Since the total voltage drop across R20, R22, R24, and C28 is determined 
independently of the voltage drop across R24, a greater voltage drop 
across R24 results in a smaller drop across R20 and R22. It can be seen 
that the current flow through R20 and R22 is the charging current of C28, 
so an increase in potential in R24 results in a decrease in charging 
current to C28. Thus, the charging current of C28 tends to be decreased by 
the action of the circuit of FIG. 2 when the power-supply voltage 
increases. Conversely, when the power supply voltage decreases, there is a 
smaller potential difference across R24, allowing more current to charge 
C28. Thus, the circuit of FIG. 2 is a means for subtracting from the 
charging current a current whose average value increases with supply 
voltage. The effect of this subtraction of charging current is to delay 
the firing of SCS38 when the power supply voltage increases and to advance 
it when the power supply voltage decreases. This tends to compensate for 
supply-voltage variations. 
It has been found that the circuit of the preferred embodiment affords 
nearly exact compensation through a rather wide range. Pulsed-arc welding 
works best when the arc is triggered somewhere in the second half of each 
half cycle of the supply-voltage waveform; if it is triggered earlier, the 
narrow arc that is characteristic of pulsed-arc welding tends to broaden. 
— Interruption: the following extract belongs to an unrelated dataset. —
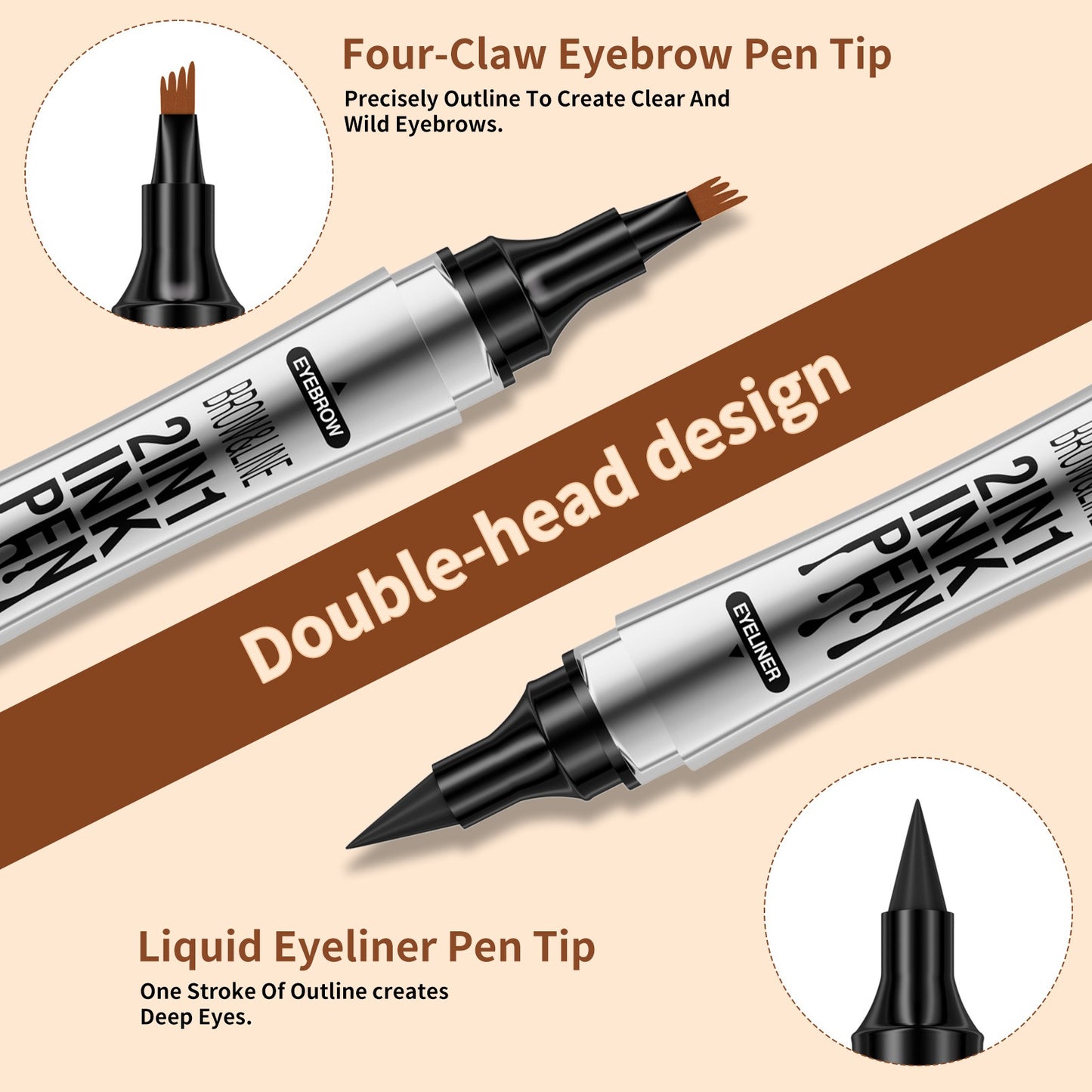 2 In 1 Microblading Eyebrow Pen, 4 Fork Tip, 3D Waterproof Magic Eyebrow Pencil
Within the desired range, the circuit of the present invention also works 
best. The circuit of the preferred embodiment, for instance, is designed 
for a nominal supply voltage of 460 volts and a nominal triggering angle 
of 130.degree., and excellent results have been observed with line-voltage 
variations of as much as .+-.70 volts. Excursions outside of that range, 
however, tend to push the duty cycle into a range that is less favorable 
to the operation of the compensation circuit of the preferred embodiment, 
and overcompensation occurs at the low voltages, while high voltages cause 
undercompensation. Even outside its optimum range, however, a compensation 
circuit according to the present invention gives results that are better 
than those obtained with uncompensated circuits. 
In the practical operation of this circuit, certain initial adjustments 
must be made. In order to ensure the right amount of compensation, R64, 
which controls the amount of the FIG.-2-circuit action that is experienced 
by R24, is adjusted so that the FIG.-2-circuit effect is just enough to 
compensate for supply-voltage variations. In order to adjust to a given 
average current, a variable voltage is applied to the supply terminal, 
and, because the effects of R64 of FIG. 2 and potentiometer R22 of FIG. 1 
are not completely independent, both potentiometers must be adjusted until 
the welding current maintains a substantially constant average value 
throughout the expected range of input voltages. Experience has shown that 
two or three adjustments at either end of the expected voltage range are 
sufficient to completely compensate the apparatus. 
While the invention has been described in conjunction with a specific 
embodiment thereof, it is evident that many modifications will be apparent 
to those skilled in the art of the foregoing description. Accordingly, it 
is intended to embrace all such alternatives, modifications, and 
variations as fall within the broad scope of the appended claims.